The attempt to keep these two worlds separate creates a great deal of tension for Lillia (a powerfully exciting tension for her) and also for us viewers, as we wait for Lillia to get "caught," for her daughter to find out the real nature of the changes that she senses in her mother, the source of the extra money that is now flowing into the household, the reason that her mother is now starting to relax her hold on her. We fear that Lillia will lose herself in this new world, indulge in behavior that she will come to regret. At the same time, we are happy to see her blossoming, opening up to a new sense of her power as a woman. Like her, we are entranced by the skill and sensuality of the cabaret women, and generally indifferent (or worse) to the men who frequent that world.
This complex, confused response becomes heightened as we see Lillia's growing attraction to young Chakri, her daughter's lover. In part this is due to Lillia's new willingness to recognize and accept her desires; in part it is due to what the director sees as the mother's obsession and identification with her daughter, which is partly what has sent her to the cabaret in the first place: "It is almost as if she was becoming her daughter or taking over her daughter's life."
We begin to see that this film is not taking the easy road of simply showing us a woman's life-affirming celebration of her sensuality. No, something much more psychologically edgy is happening in Satin Rouge. Though this is a very different film, there are aspects of Satin Rouge that remind me of Buñuel's 1967 masterpiece of perversion, Belle de Jour, in which the prim Catherine Deneuve leaves her very bourgeois married life each afternoon to work as the ravishing and voluntarily ravished "Belle" in a high-class brothel.

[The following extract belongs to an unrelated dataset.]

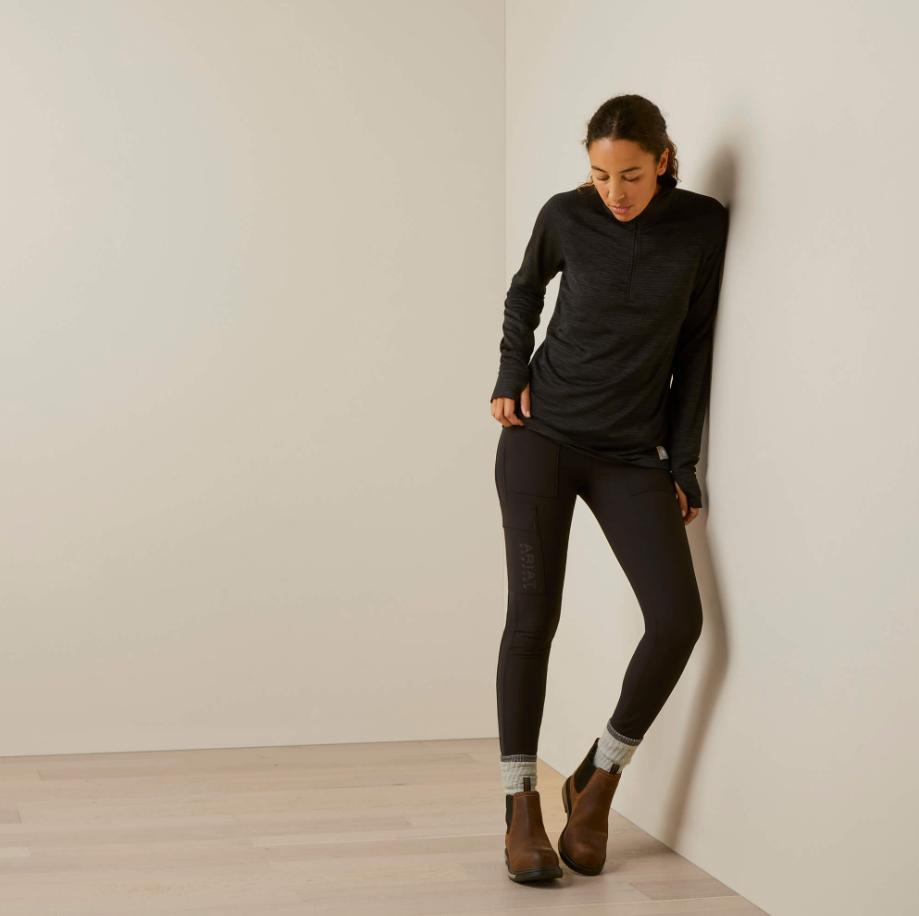 Ariat Rebar Bslyr 1/4 Zip Black Shirt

The line between belly-dancer and prostitute is a very thin one in this film, though Lillia will not cross that line. However, she will come to explore the power of her sexuality in other interesting ways. By the film's final scene, we are in a very odd, complicated place indeed, in which power is displayed in unexpected ways.
* * *
We are bombarded by the media, and they show a certain image of the Arab world. What I want to do is bring a more subtle, more nuanced, vision of the world.
Born in 1971, Raja Amari studied Literature at the University of Tunis, then went on to work as a film critic. She moved to Paris and studied filmmaking at FEMIS, from which she graduated in 1998. While at FEMIS, she made the short film Avril (April), which won awards at festivals in Milan, Tunis, and Greece. In 2000 she made Un Soir de Juillet (One Evening in July), which has become part of the Mama Africa series. Satin Rouge has garnered international success and extensive releases around the world. As the film demonstrates, she is an extremely promising young director, technically skilled and wise beyond her years.